Perché è fondamentale conoscere le interconnessioni tra cambiamenti climatici, economia, lavoro, migrazioni, conflitti, debito, da una parte, e, dall’altra, tutela del vivente, eco-femminismo, comunità resistenti, nuovi stili di vita e di produzione? Perché senza questa conoscenza non possiamo impostare una strategia di costruzione sociale planetaria. 

Una delle novità assolute dell’enciclica Laudato Si’, soprattutto di questo documento, è che il debito, e la relativa speculazione finanziaria, vengono rappresentati come strumenti formidabili di estrattivismo di ricchezza da tutti verso una rarefatta élite potente e indefinita che è contro il vivente e la Terra.
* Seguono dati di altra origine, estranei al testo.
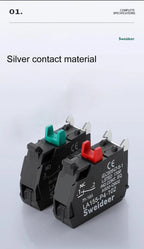XB4 Button Switch Momentary Self Reset Flat High Head 22mm Power Push Button Switch with Light XB4-BA42 BA31 BA51 10A NC/NO Red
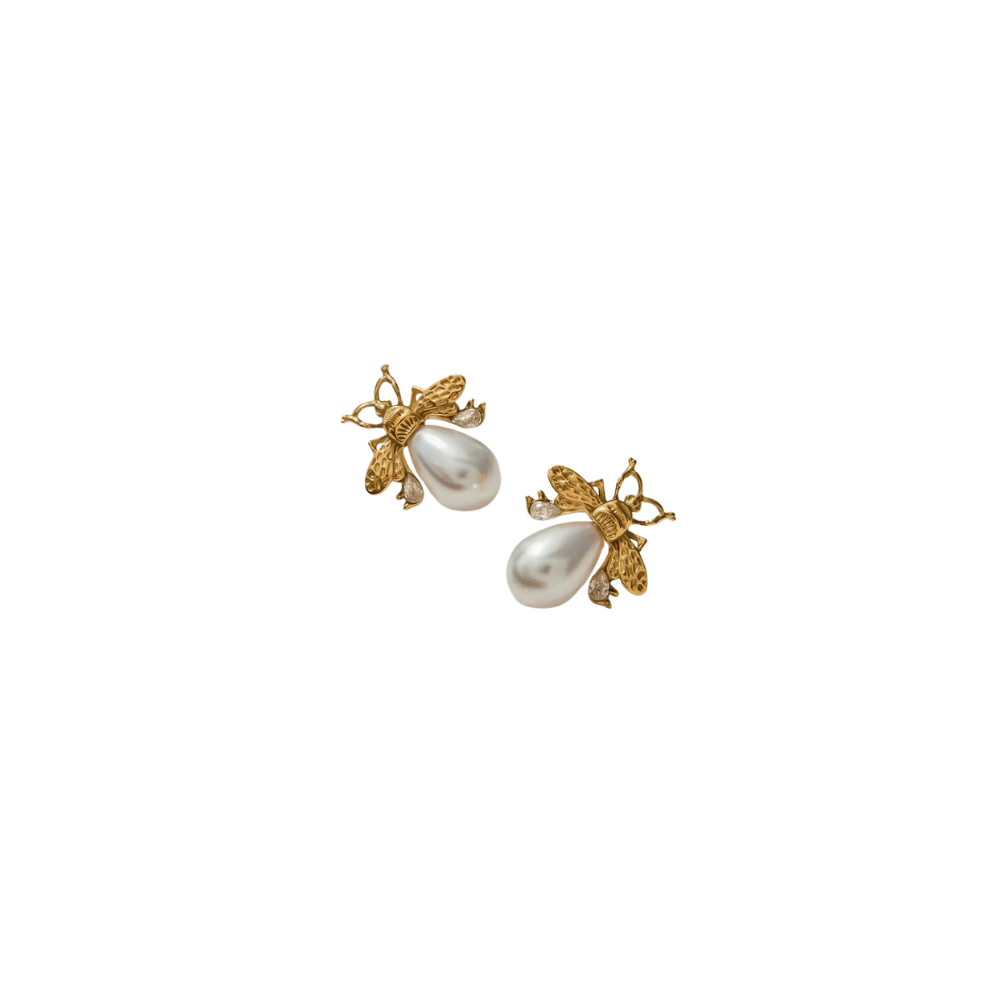 Pearl Bee Stud Earrings - Stainless Steel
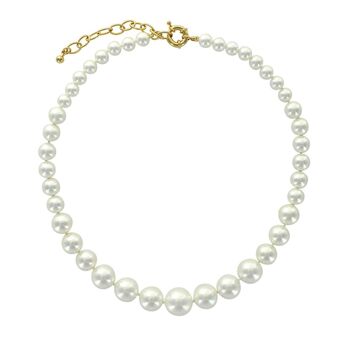 Collier Perles de Majorque blanches - Pierres boules 8/14mm 2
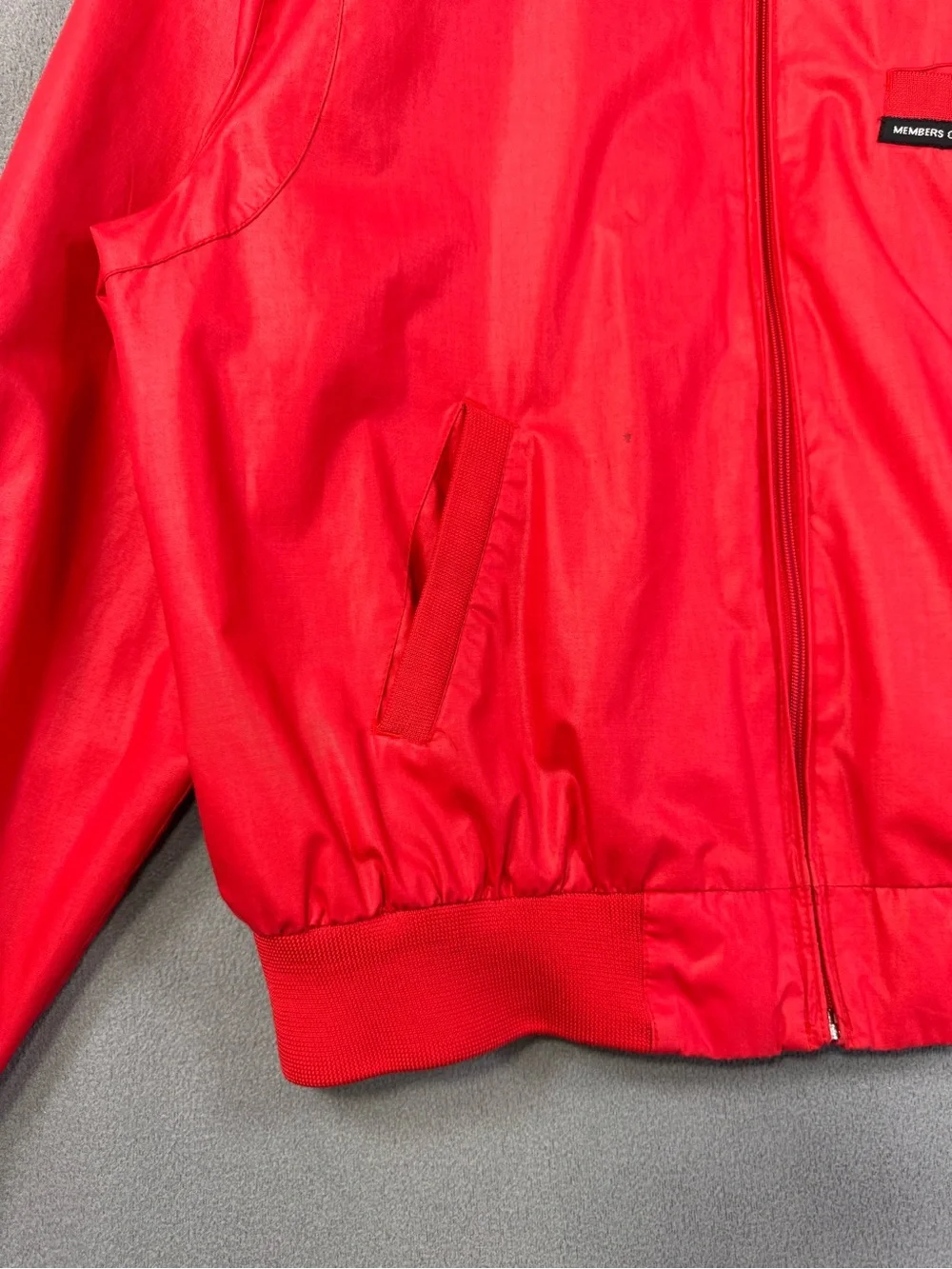 Vintage 80’s Members Only Jacket Red Racer Zip Bomber Made in Hong Kong, XL 44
Già nel 2014 Francesco scriveva: “Penso ai traffici illeciti di denaro come alla speculazione finanziaria, che spesso assume caratteri predatori e nocivi per interi sistemi economici e sociali, esponendo alla povertà milioni di uomini e donne” (Messaggio Giornata mondiale per la Pace 2014). Su questo versante della critica al sistema finanziario, nel 2018 il Vaticano scrive un documento fondamentale “Oeconomicae et pecuniarie quaestiones – Considerazioni per un discernimento etico circa alcuni aspetti dell’attuale sistema economico-finanziario”. 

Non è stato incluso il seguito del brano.